TASK —
Line by line, print the records exactly, and keep images out of the copy.

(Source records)
⁂

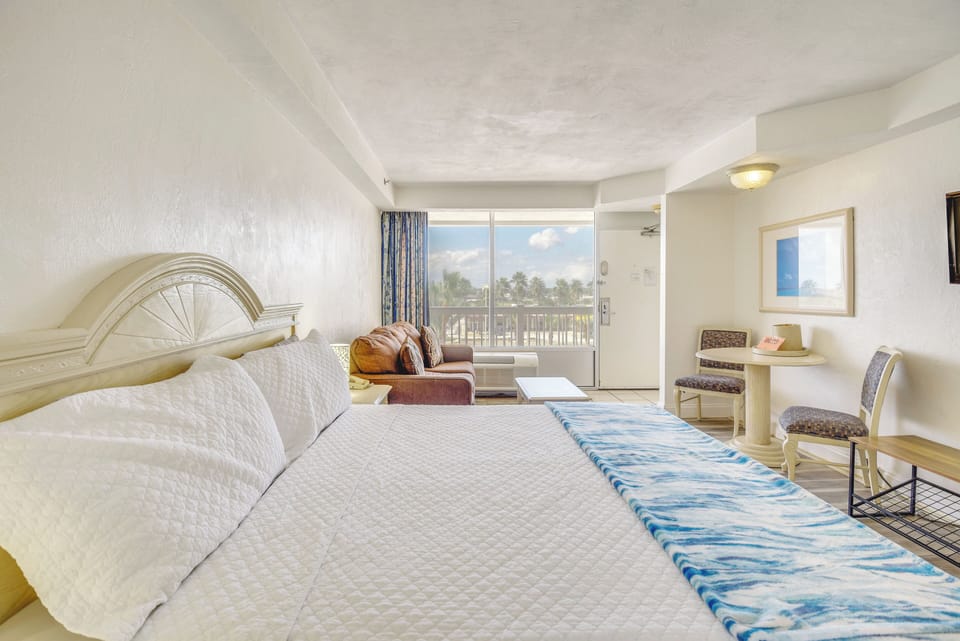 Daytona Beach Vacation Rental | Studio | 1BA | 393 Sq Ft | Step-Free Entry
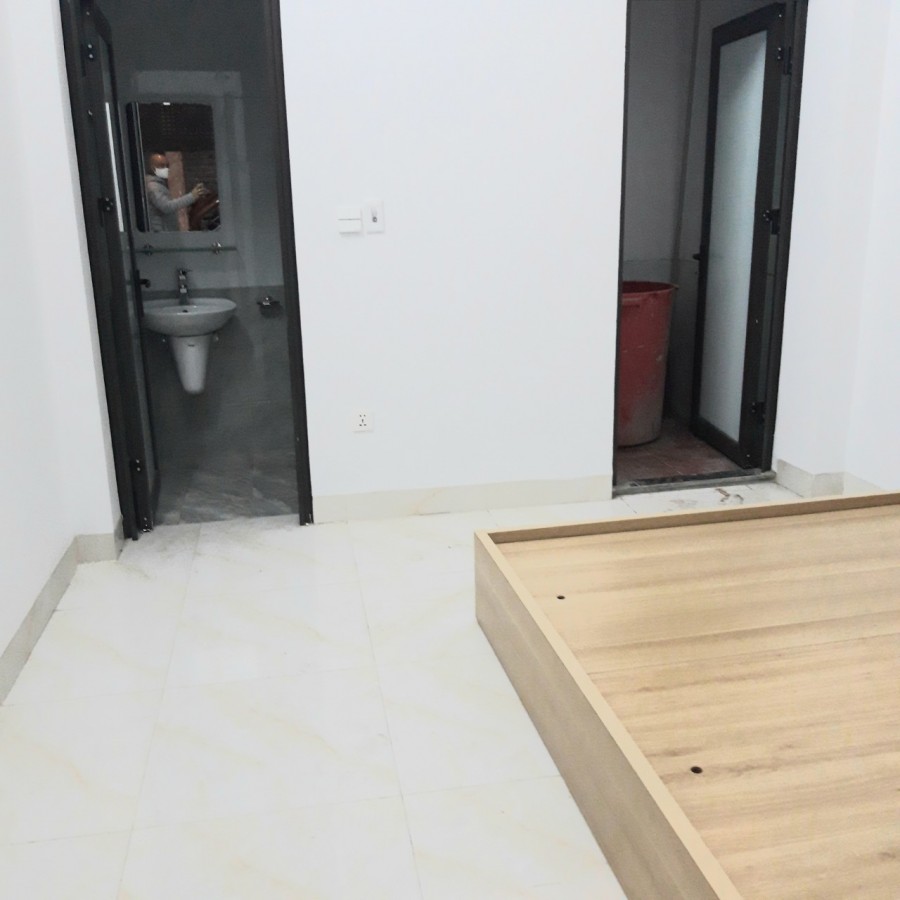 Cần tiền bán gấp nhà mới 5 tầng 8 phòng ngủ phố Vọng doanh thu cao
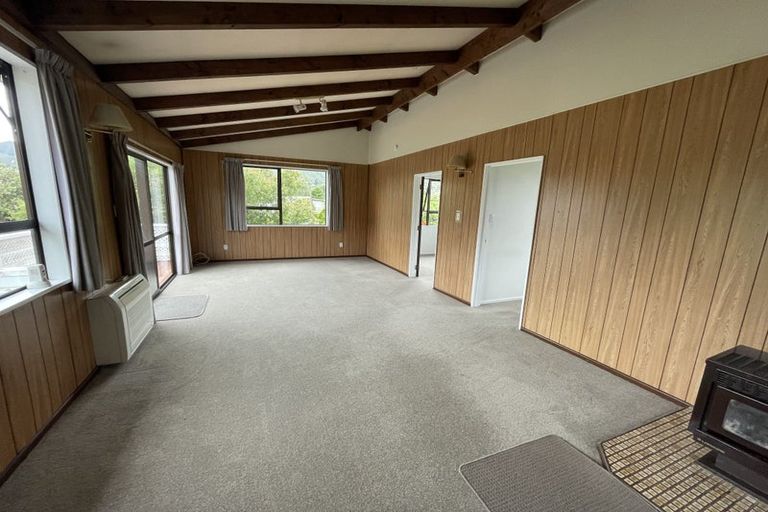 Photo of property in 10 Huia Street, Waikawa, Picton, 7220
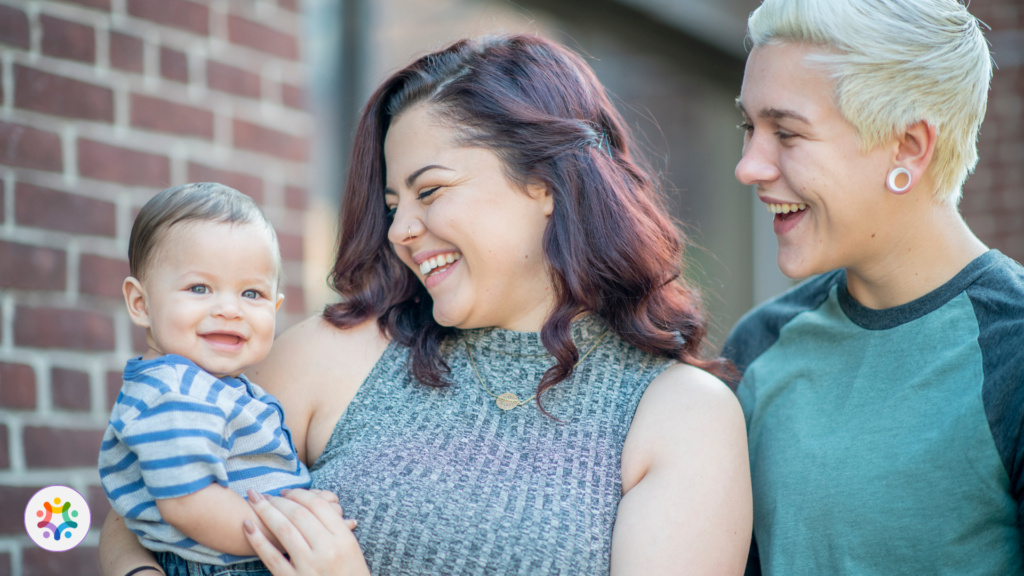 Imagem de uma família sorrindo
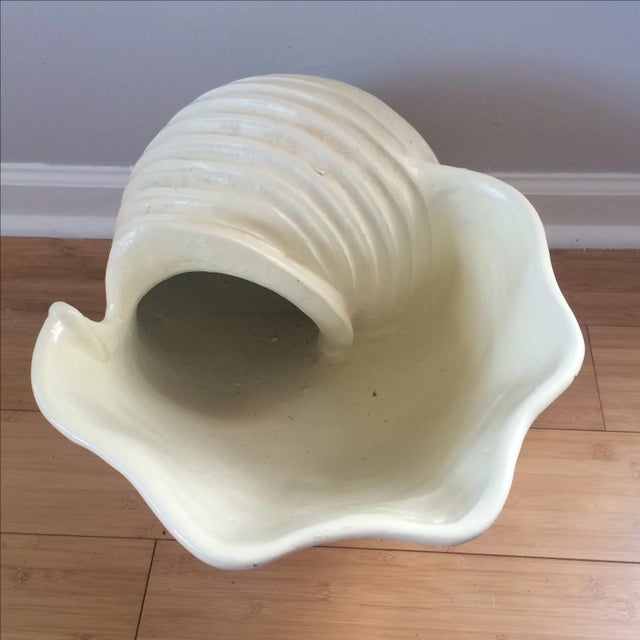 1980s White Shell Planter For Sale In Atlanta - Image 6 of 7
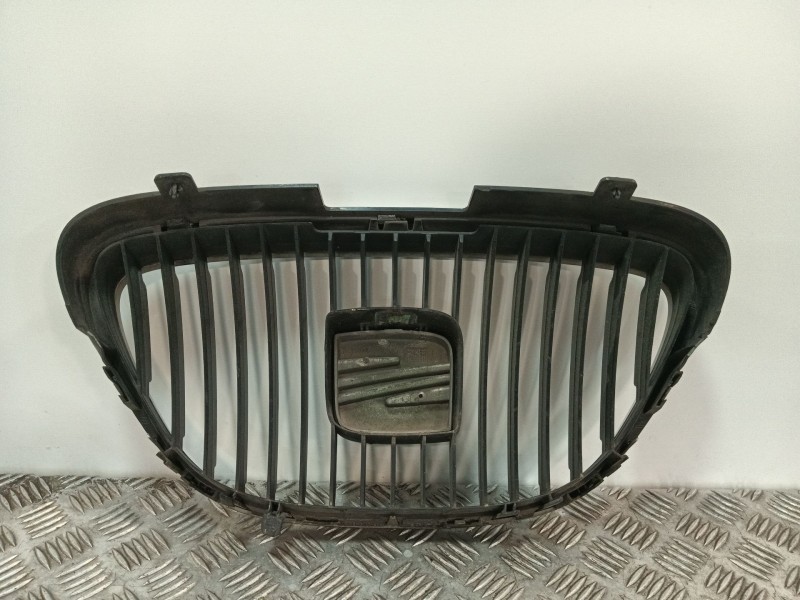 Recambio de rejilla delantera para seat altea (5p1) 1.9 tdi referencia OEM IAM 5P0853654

⁂

EXERCISE OUTPUT —
 Daytona Beach Vacation Rental | Studio | 1BA | 393 Sq Ft | Step-Free Entry
 Cần tiền bán gấp nhà mới 5 tầng 8 phòng ngủ phố Vọng doanh thu cao
 Photo of property in 10 Huia Street, Waikawa, Picton, 7220
 Imagem de uma família sorrindo
 1980s White Shell Planter For Sale In Atlanta - Image 6 of 7
 Recambio de rejilla delantera para seat altea (5p1) 1.9 tdi referencia OEM IAM 5P0853654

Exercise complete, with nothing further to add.